The restaurant did not open until March of 2003. Reed testified that most of the delays were caused by contractors and sub-contractors, some of whom were engaged by Platz or Sweeney without her knowledge or consent as a member of the LLC. The delays caused the project to be over budget, as such, it became necessary for the members to contribute additional capital. It is undisputed that the need for additional capital was discussed with Reed. Platz testified that in January of 2004, all the members, including Reed, discussed borrowing money in order to clean up the accounts payable by the LLC. Thus, on January 6, 2004, Gertrude's Galley, LLC, entered into a "promissory note" — signed by all three members — for a sum of $75,000 with Bank of Newport.

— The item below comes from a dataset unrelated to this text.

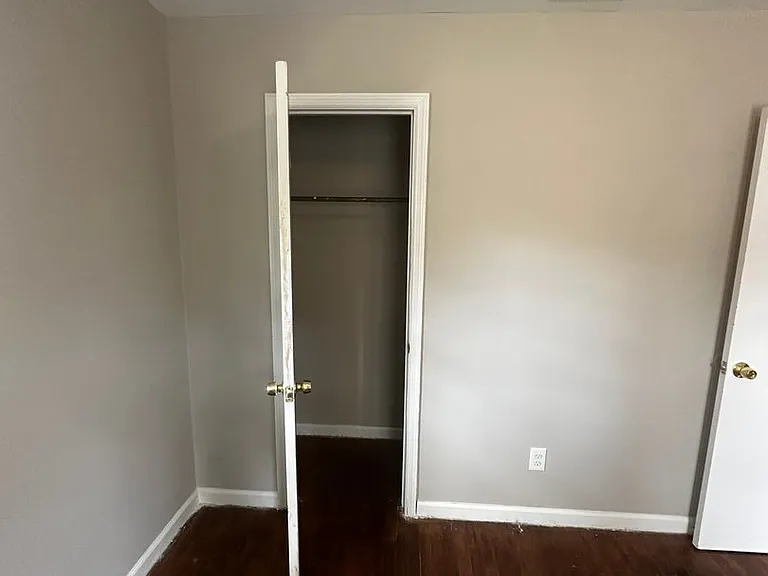 825 Woodlawn Dr — Photo 12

Notably, the lack of capital was not the only problem for Gertrude's Galley. Platz testified that sometime in February 2004, after executing the promissory note without his or Sweeney's knowledge or consent, the restaurant abruptly closed for a period of time. Platz testified approximately five weeks later the restaurant reopened with Reed remaining as manager until July of that year.

The witnesses disputed what happened next. According to Platz, again without anyone's prior knowledge or agreement, Reed unilaterally handed over more management responsibilities to the paid chef, Trish Herman. Herman was not a member of Gertrude's Galley, LLC, but rather an employee of the restaurant. According to Platz, he and Sweeney treated this independent decision by Reed as "effectively remov[ing] herself as operational manager of the LLC."

Reed, on the other hand, testified that before July 2004, she was running the business "well" until Platz returned to the area from a vacation. Platz, being more "business oriented" than she, wanted to reduce the number of employees, believing she was spending too much money on payroll. Reed testified that she was concerned that Platz would close the business, and so she agreed to turn over her management responsibilities to Trish Herman. According to Reed, because the working relationship between the members began to deteriorate, she gave up her responsibilities in the hope that the remaining members could salvage the business.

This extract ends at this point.